Most junk debt buyers and collection agencies do not have access to certain documents once original creditors closed the book on old, charged off card accounts and this makes it difficult to pin the debt on the debtors being sued.

In such cases, instead of presenting the original card agreement, the plaintiff will try to present old card statements as proof that the debt is owned by the defendant. Now, if you are in this type of situation, you need to learn everything you need to know about defense against credit card lawsuit and how you can work around creditors who claim to have the evidence to win their case.

Now, if your junk debt buyer or collection agent is threatening to send the copies of your old card statement to the court unless you pay the debt in question, plus interest, know that these documents need to be authenticated first. Having these statements will not hold much relevance in court nor could it be the basis for a collector's summary judgment motions if the documents are not certified.
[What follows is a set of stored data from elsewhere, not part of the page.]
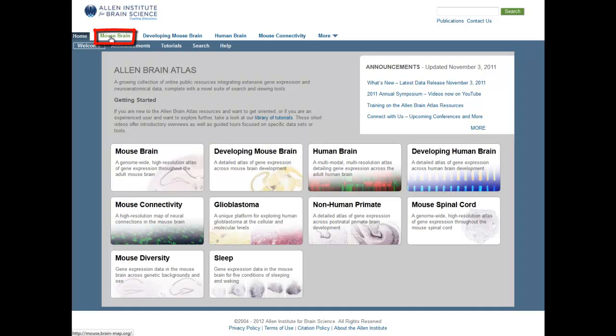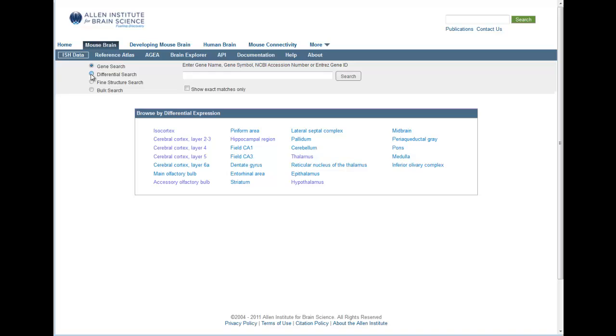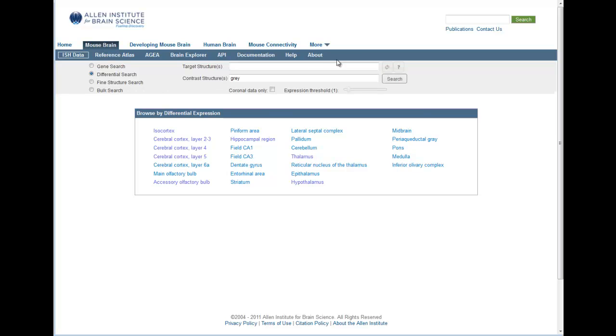First, go to our website at www.brain-map.org and click on the Mouse Brain tab in the banner. Make sure the differential search radio button is selected.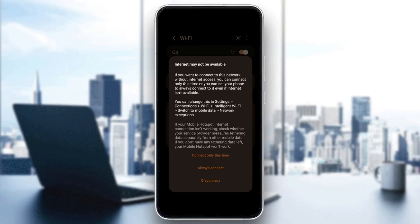Hello everyone and welcome back to a new video. In this video, I'm going to show you how to fix 'internet may not be available' on Samsung. So if you want to learn how to do it, just follow the steps that I'm going to show you.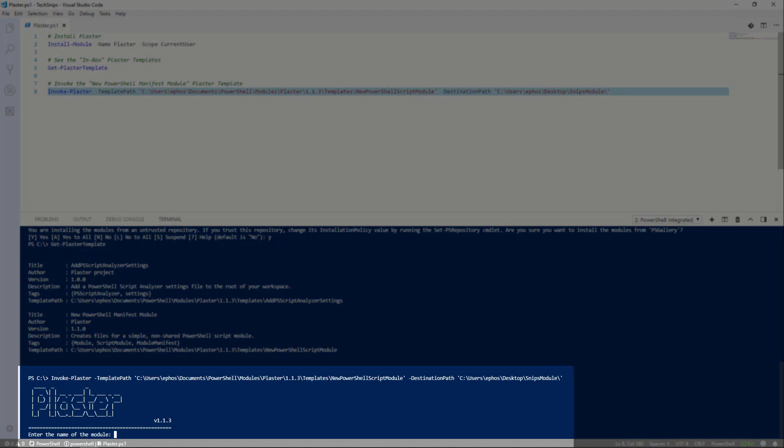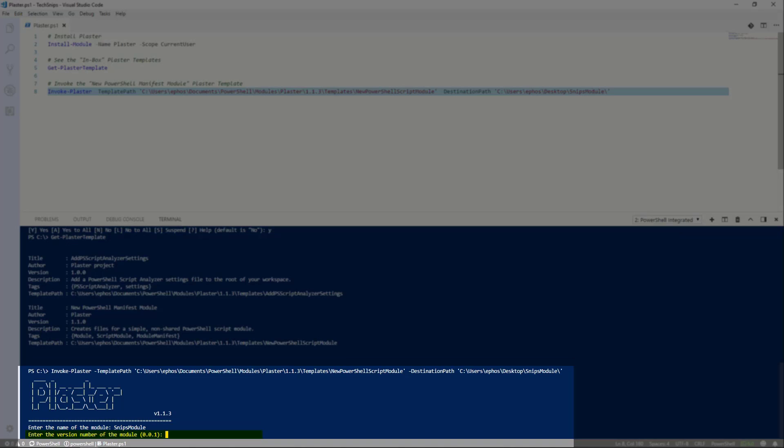Once I invoke Plaster, I'll be prompted a series of questions specific to the Plaster template I specified. I'll enter the name for my module. I'll enter the version. This option has a default selection as indicated by the parentheses.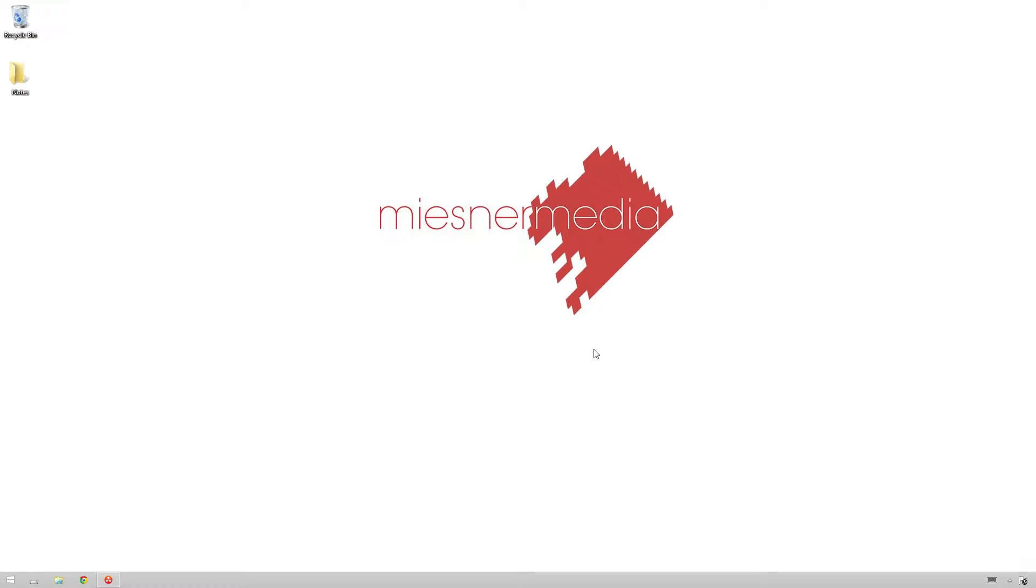Hello friends, my name is Theo, and today in this exciting MiesnerMedia tutorial, we're going to be taking a look at how to create LUTs inside of DaVinci Resolve. This is thanks to the incredible response I've gotten from the MiesnerMedia House LUTs pack that we just put up.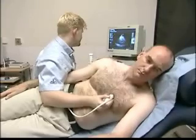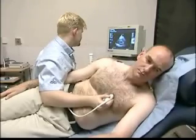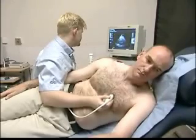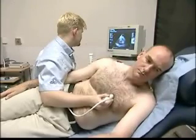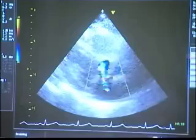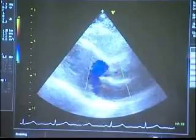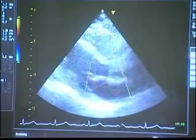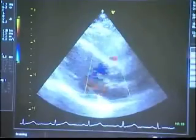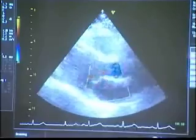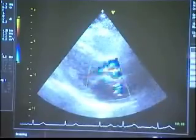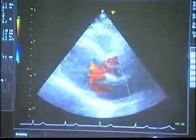Ultrasound reflected by blood flowing away from the transducer returns with a slightly lower frequency and shows up blue on the images. Conversely, blood flowing towards the transducer is shown in red.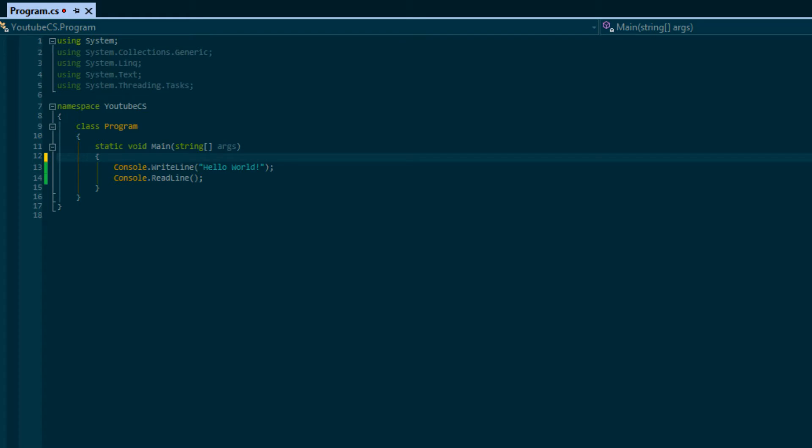What's up everybody, this is Peter aka Coding Made Easy, coming to you with your third C# tutorial. In this tutorial we are going to be learning about variables.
In terms of defense against credit card lawsuit, you need to force the plaintiff to validate the debt and because they cannot simply file documents received from the original creditor, they will find it hard to prove the debt's ownership. With no trace of evidence, your creditor cannot simply press charges and win the lawsuit. Even if they have your old card statements, they will not hold much merits in court because only relevant documents, like the original credit card contract, will be deemed by the court as real proof that will tie your name to the account and debt.

Don't panic if a collection agent or junk debt buyer is applying scare tactics like filing old credit card statements and focus on building a solid defense against credit card lawsuit. Here's something you should keep in mind, no one is free to simply file anything they wish to court without authenticating such documents and in your creditor's case, they still have to defend any evidence they present in court.

Always check with your local court rules to determine what you can and what you cannot do in court. By making an effort to learn all the rules, you increase the chances of winning the credit card or at the very least, make life extremely difficult for your creditor to the point where they'd rather drop the case altogether.